Task:
Output each line exactly as written, from the first line of the records to the line bearing "北京夏犹清建筑装饰工程有限公", inclusive, while leaving every picture out.

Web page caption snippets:

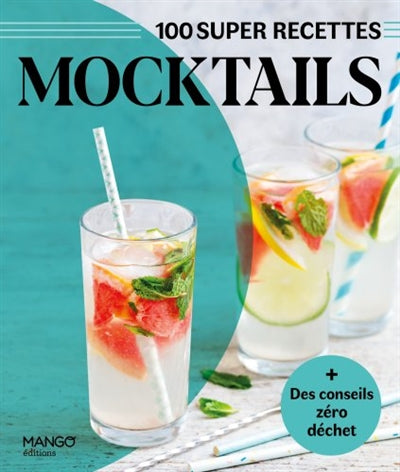 MOCKTAILS  100 SUPER RECETTES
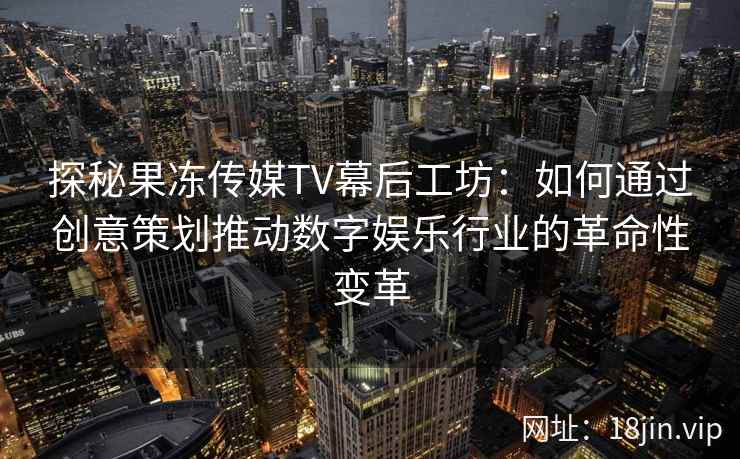 探秘果冻传媒TV幕后工坊：如何通过创意策划推动数字娱乐行业的革命性变革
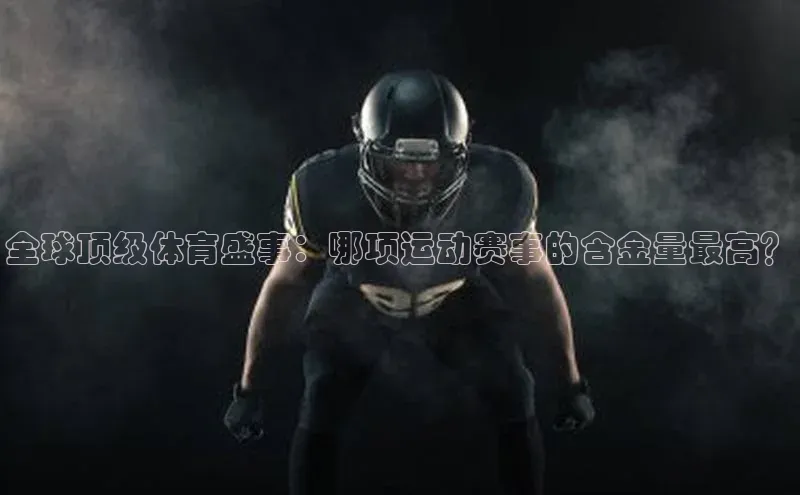 全球顶级体育盛事：哪项运动赛事的含金量最高？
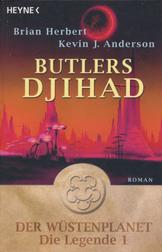 Der Wüstenplanet: Die Legende: Butlers Djihad (Legends of Dune: The Butlerian Jihad)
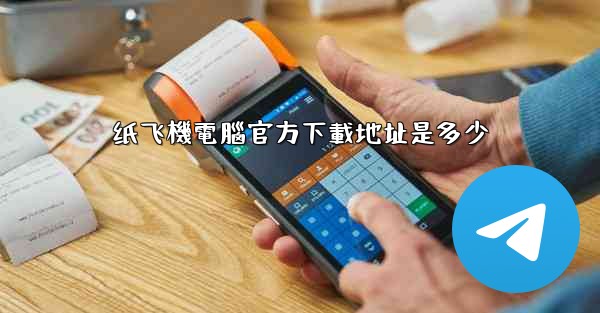 纸飞機電腦官方下載地址是多少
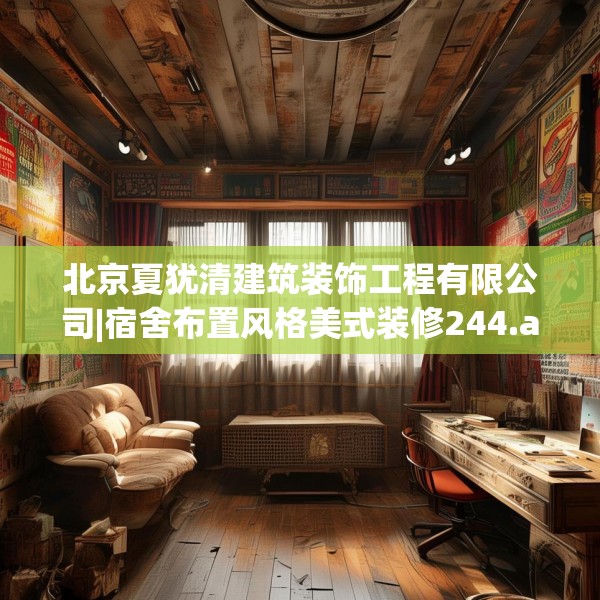 北京夏犹清建筑装饰工程有限公司|宿舍布置风格美式装修244.a120b121c124fgy.131sdA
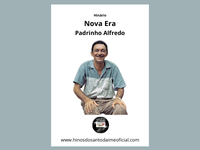 Nova Era - Padrinho Alfredo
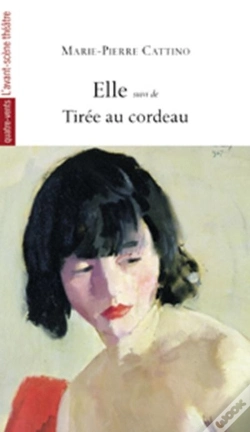 Capa do artigo Elle, Suivi De Tiree Au Cordeau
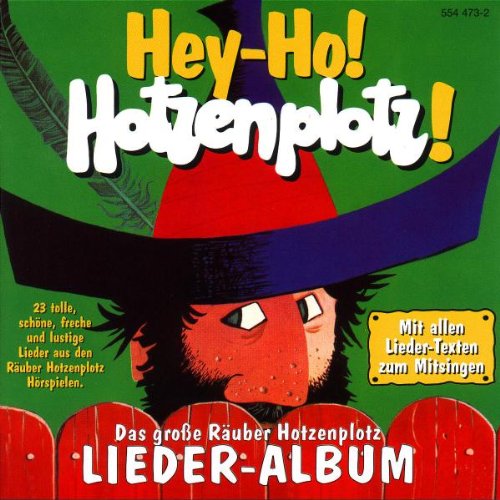 Preussler , Otfried - Hey-Ho! Hotzenplotz! Liederalbum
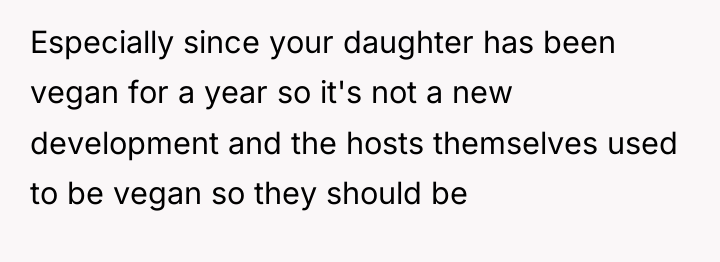 Especially since your daughter has been vegan for a year...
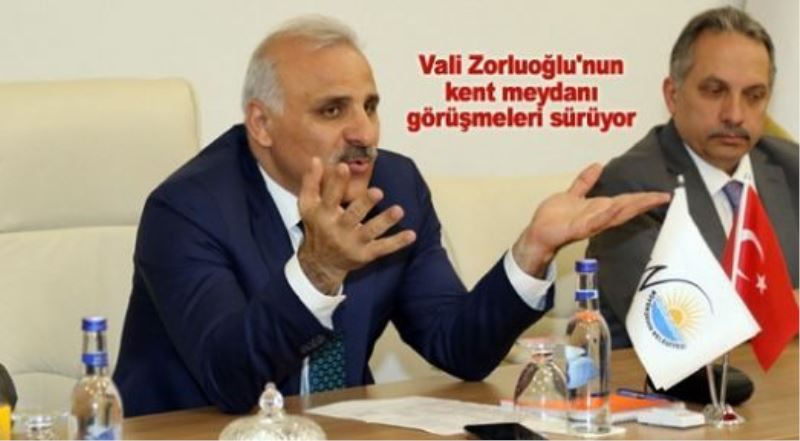 Zorluoğlu’ndan Kent Meydanı görüşmeleri…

Reply to the task:
 MOCKTAILS  100 SUPER RECETTES
 探秘果冻传媒TV幕后工坊：如何通过创意策划推动数字娱乐行业的革命性变革
 全球顶级体育盛事：哪项运动赛事的含金量最高？
 Der Wüstenplanet: Die Legende: Butlers Djihad (Legends of Dune: The Butlerian Jihad)
 纸飞機電腦官方下載地址是多少
 北京夏犹清建筑装饰工程有限公司|宿舍布置风格美式装修244.a120b121c124fgy.131sdA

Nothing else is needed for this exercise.